De bijeenkomsten van onderzoekers hebben een vertrouwelijk karakter. Het verslag is daarom summier.

Het eerste deel van de middag was gevuld met wederzijdse kennismaking en het melden van ieders projecten. Voor zover het nieuw onderzoek betreft is de neerslag daarvan te vinden op deze website onder het keuzemenu onderzoek > lopend onderzoek. Over en weer tussen de diverse wetenschappelijke disciplines zien we interesse in vergelijkbare probleemstellingen, zoals over nieuwe vormen van medezeggenschap en over de rol van de OR bij veranderingen in de arbeid (denk aan ‘robotisering’).
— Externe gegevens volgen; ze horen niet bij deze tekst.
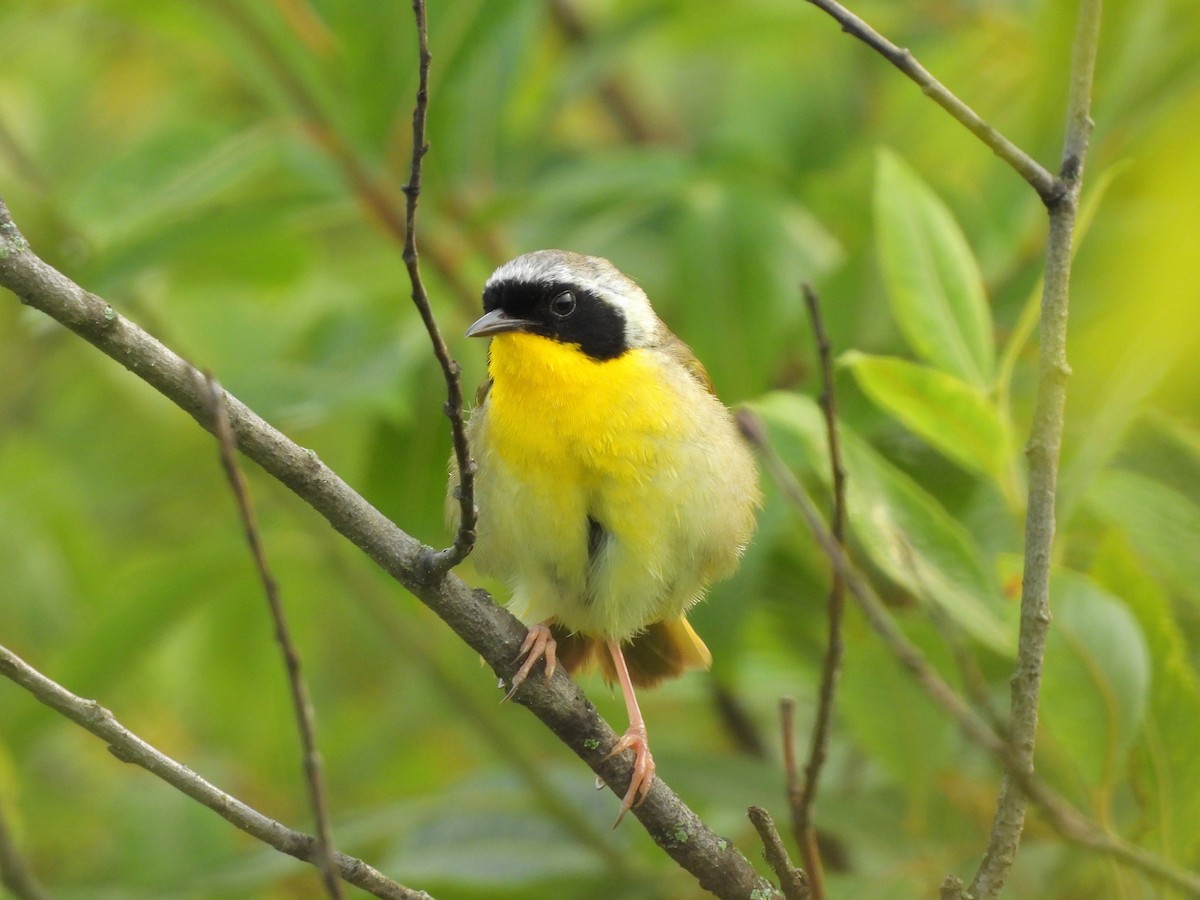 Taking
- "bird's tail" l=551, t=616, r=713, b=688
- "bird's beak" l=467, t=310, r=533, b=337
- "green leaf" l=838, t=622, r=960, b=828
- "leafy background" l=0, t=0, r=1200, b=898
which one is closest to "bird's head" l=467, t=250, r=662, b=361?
"bird's beak" l=467, t=310, r=533, b=337

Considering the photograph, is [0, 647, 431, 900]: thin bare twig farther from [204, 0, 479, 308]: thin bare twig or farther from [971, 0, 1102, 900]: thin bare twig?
[204, 0, 479, 308]: thin bare twig

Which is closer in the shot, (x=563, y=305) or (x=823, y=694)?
(x=823, y=694)

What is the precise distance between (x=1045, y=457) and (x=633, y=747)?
1395 mm

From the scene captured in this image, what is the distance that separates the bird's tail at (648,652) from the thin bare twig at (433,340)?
1428 mm

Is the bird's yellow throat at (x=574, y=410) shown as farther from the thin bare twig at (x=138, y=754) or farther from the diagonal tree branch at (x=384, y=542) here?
the thin bare twig at (x=138, y=754)

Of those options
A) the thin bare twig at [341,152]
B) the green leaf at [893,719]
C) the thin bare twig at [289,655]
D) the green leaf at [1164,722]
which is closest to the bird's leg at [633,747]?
the green leaf at [893,719]

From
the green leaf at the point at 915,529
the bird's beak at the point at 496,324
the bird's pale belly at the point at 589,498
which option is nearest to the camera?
the green leaf at the point at 915,529

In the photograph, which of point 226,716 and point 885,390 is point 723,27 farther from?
point 226,716

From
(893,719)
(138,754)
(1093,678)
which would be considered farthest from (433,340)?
(893,719)

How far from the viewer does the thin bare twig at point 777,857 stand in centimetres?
216

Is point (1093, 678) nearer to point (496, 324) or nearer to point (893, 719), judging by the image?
point (893, 719)

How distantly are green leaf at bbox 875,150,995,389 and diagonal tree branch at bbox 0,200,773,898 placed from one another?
1.24 meters

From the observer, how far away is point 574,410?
3.40 metres

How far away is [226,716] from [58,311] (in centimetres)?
328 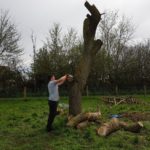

Het tweede deel van de middag is besteed aan een discussie over vereisten voor goed onderzoek, zowel kwalitatief als kwantitatief . De discussie vond plaats aan de hand van twee korte inleidingen. Harry van den Tillaart (onderzoeker verbonden aan het voormalig ITS, Radboud Universiteit) stelt drie eisen aan kwantitatief onderzoek centraal: de steekproef op basis van kennis van de populatie (een goed bestand aan OR-en ontbreekt), onderzoek en analyse van de non-respons (altijd doen) en voorzichtigheid met statistische significantie (wees op je hoede bij onverwachte uitkomsten!) .

Frans Kamsteeg (organisatiewetenschappen van de VU Amsterdam) gaat vervolgens in op de kenmerken van kwalitatief onderzoek. Hij baseert zich daarbij op de zogeheten ‘etnografische methode’ als kwalitatief onderzoek bij uitstek. Om te beginnen stelt hij dat het debat kwalitatief versus kwantitatief onvruchtbaar is. Het mooist is een combi van beide. Als kenmerken van de etnografische methode (en eigenlijk van alle kwalitatieve methoden) noemt hij:

  • werken in het veld zelf: participerende observatie,
  • nabijheid bij het object van onderzoek, maar ook weer afstand kunnen nemen voor analyse,
  • focus op verhulde dimensies in de processen: machtsprocessen en de rol van emoties,
  • het speuren naar betekenis (‘sensework’) en naar meervoudige oorzaken (multivocaliteit),
  • reflexie op de invloed van het onderzoek en de rol van de onderzoeker zelf.

Kwalitatief onderzoek heeft zijn bezwaren (zoals N=1 en het is moeilijk om toestemming en medewerking te krijgen), maar belooft ook mooie resultaten (tussentijds feedback kunnen krijgen en geven, inzicht in de complexiteit van zaken). De methode blijkt ook nuttig in organisatie onderzoek bij bijvoorbeeld veranderingstrajecten, fusies en voor onderzoek van machtsprocessen. Kamsteeg eindigt weer met de aanvangsstelling: ‘mixed methods’ verdienen de aanbeveling.